Scraped caption text data:
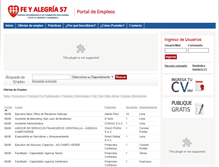 Tablet Screenshot of feyalegria57.trabajando.pe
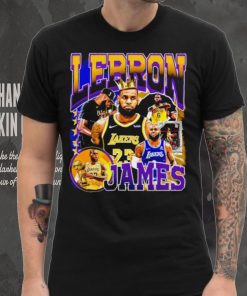 Los Angeles Lakers LeBron James professional basketball player honors crown shirt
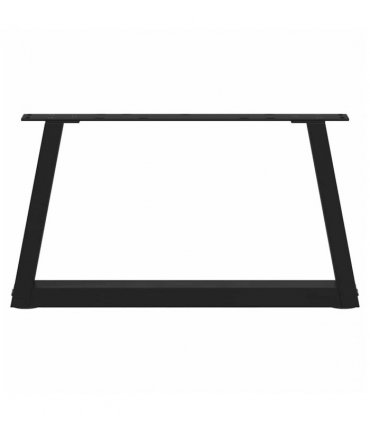 vidaXL Coffee Table Legs V-Shape 2 pcs Black 50x(30-31.3) cm Steel — Size: 50 x (30-31.3) cm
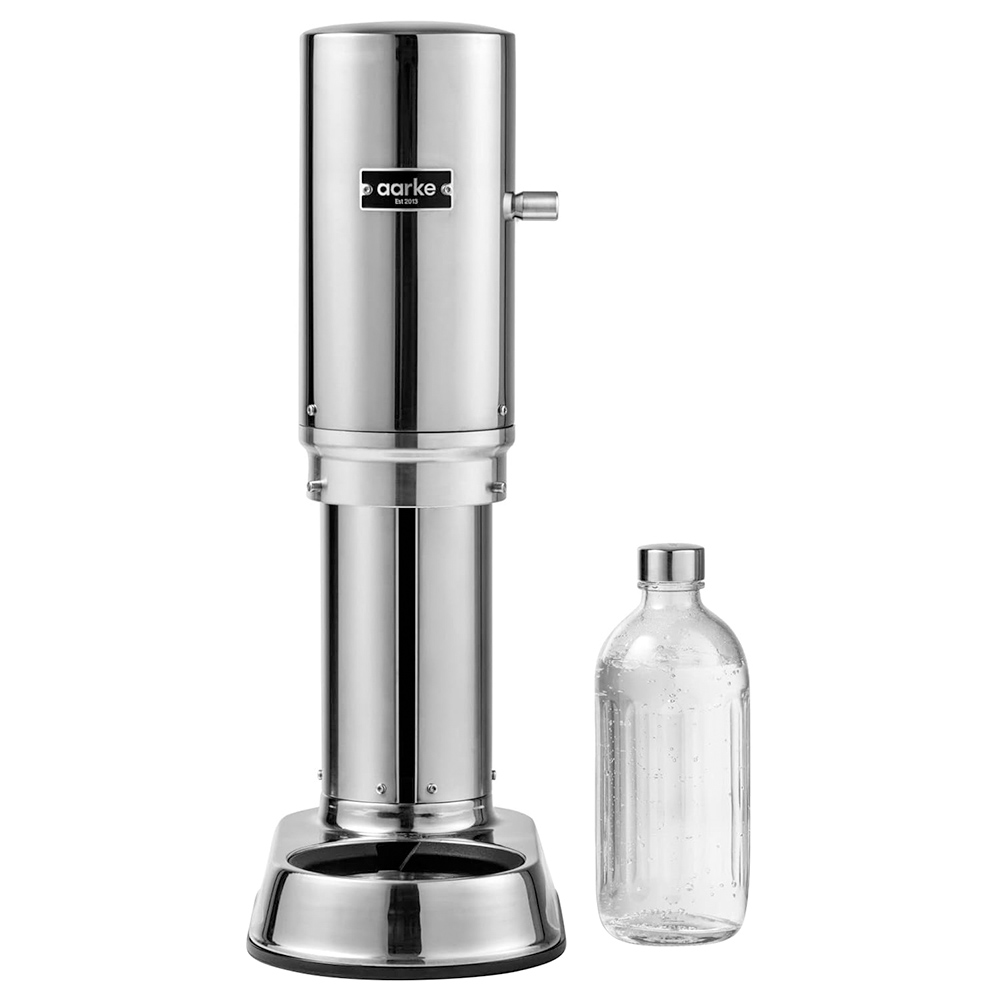 Aarke Carbonator Pro With Glass Bottle - Steel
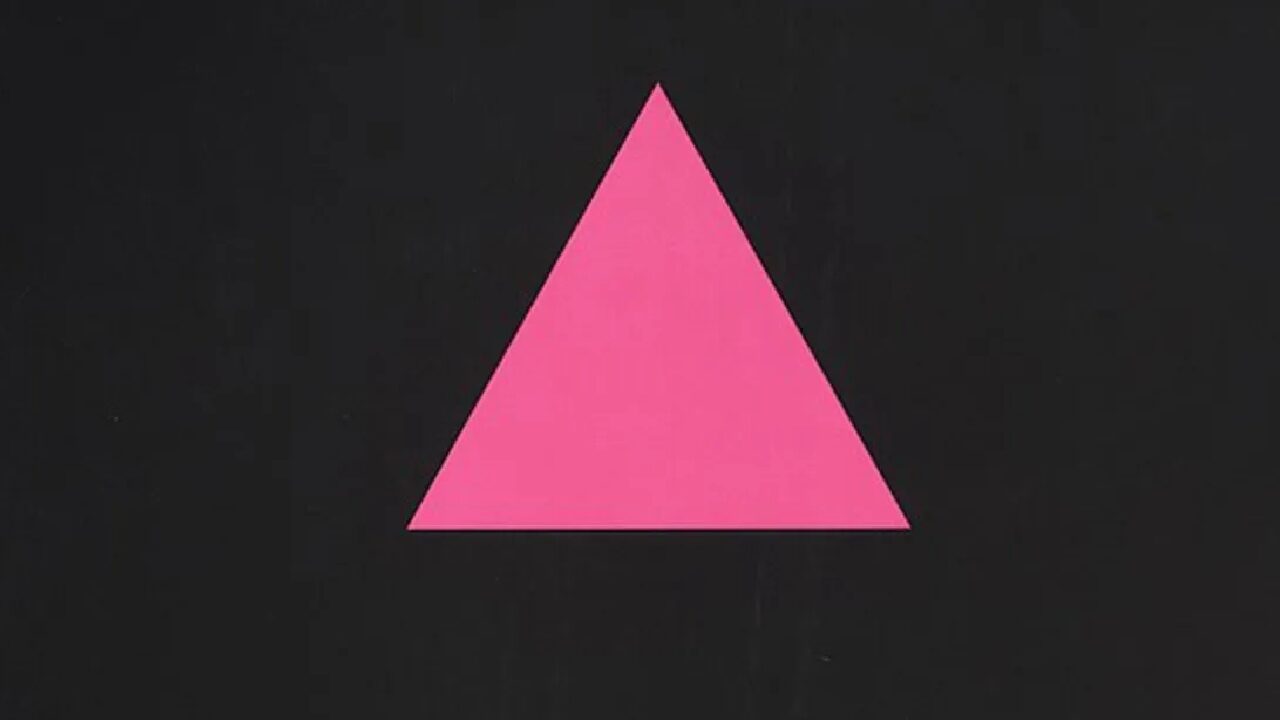 Triángulo rosa, uno de los símbolos LGBT+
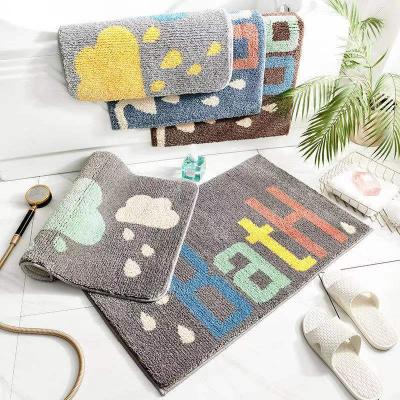 China Beautiful Modern Cartoon Bathroom Carpet Floor Fashion Mat Showerluxury Door Mat For Home for sale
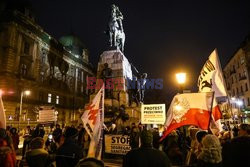 Protest przeciwko segregacji sanitarnej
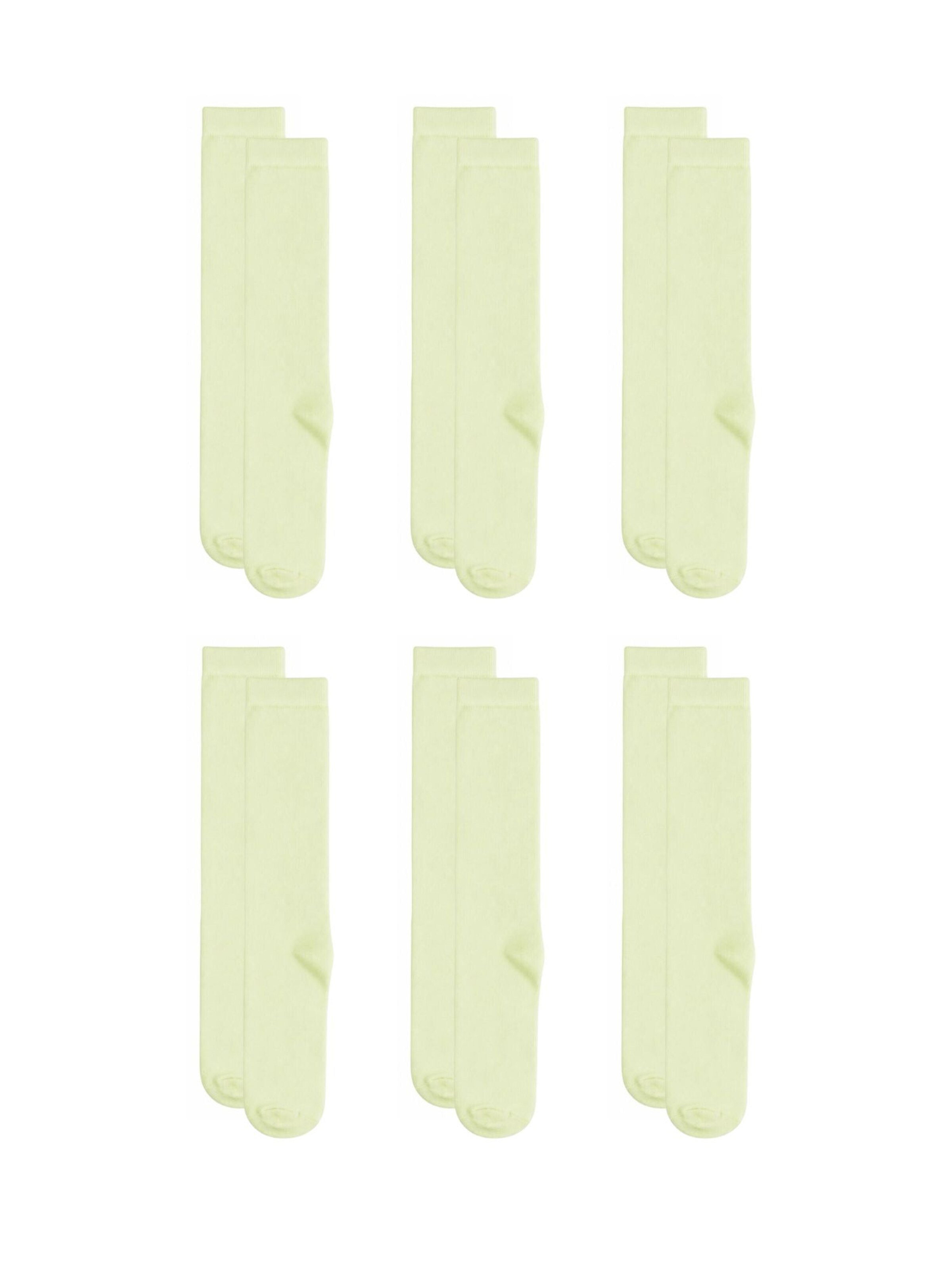 Albero Natur Socks 'Bio-Baumwoll-Kinderkniestrümpfe – 6er Pack' in Yellow: front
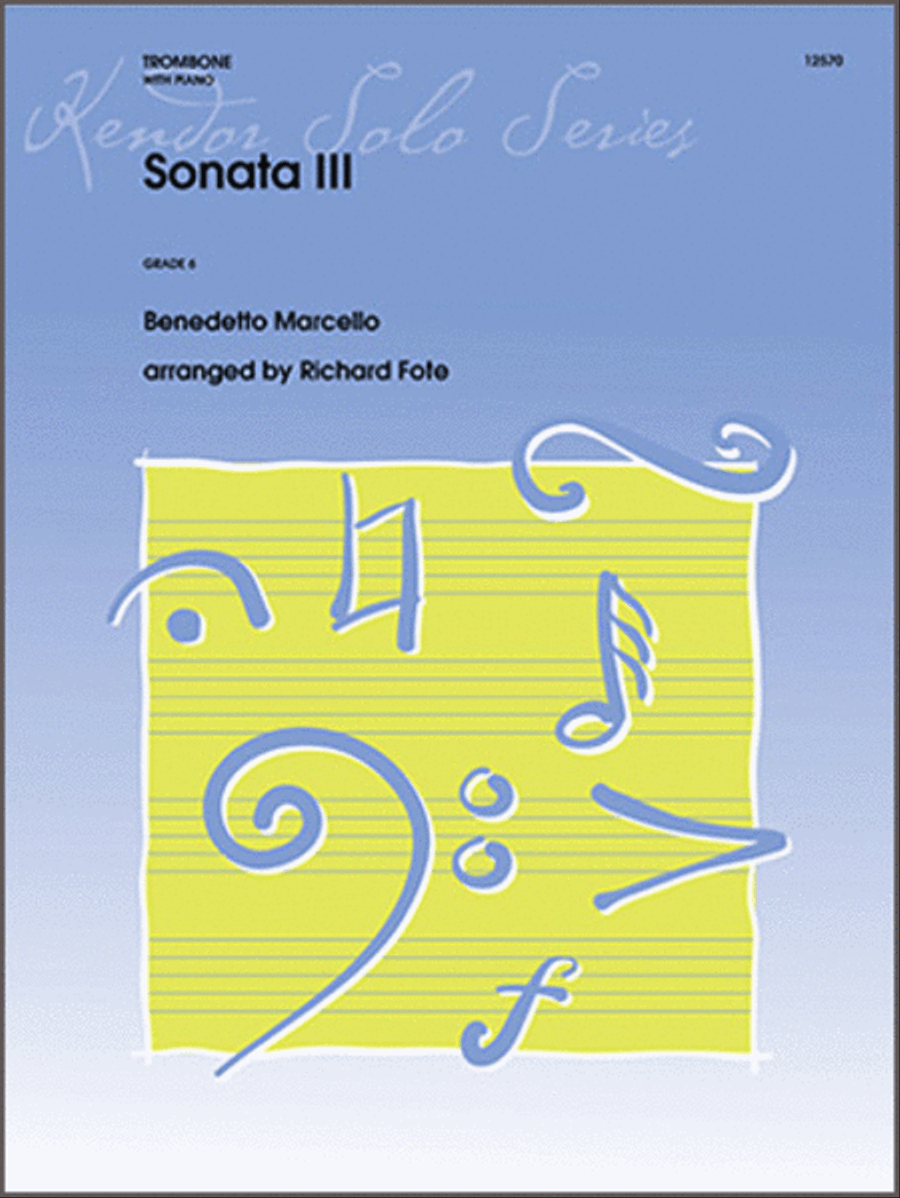 Sonata III Trombone scores gallery preview page 1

- [Work item]
Beginning with the first entry above, reproduce every line verbatim until the line with "vidaXL Coffee Table", which is included too; omit pictures.

- [Task result]
 Tablet Screenshot of feyalegria57.trabajando.pe
 Los Angeles Lakers LeBron James professional basketball player honors crown shirt
 vidaXL Coffee Table Legs V-Shape 2 pcs Black 50x(30-31.3) cm Steel — Size: 50 x (30-31.3) cm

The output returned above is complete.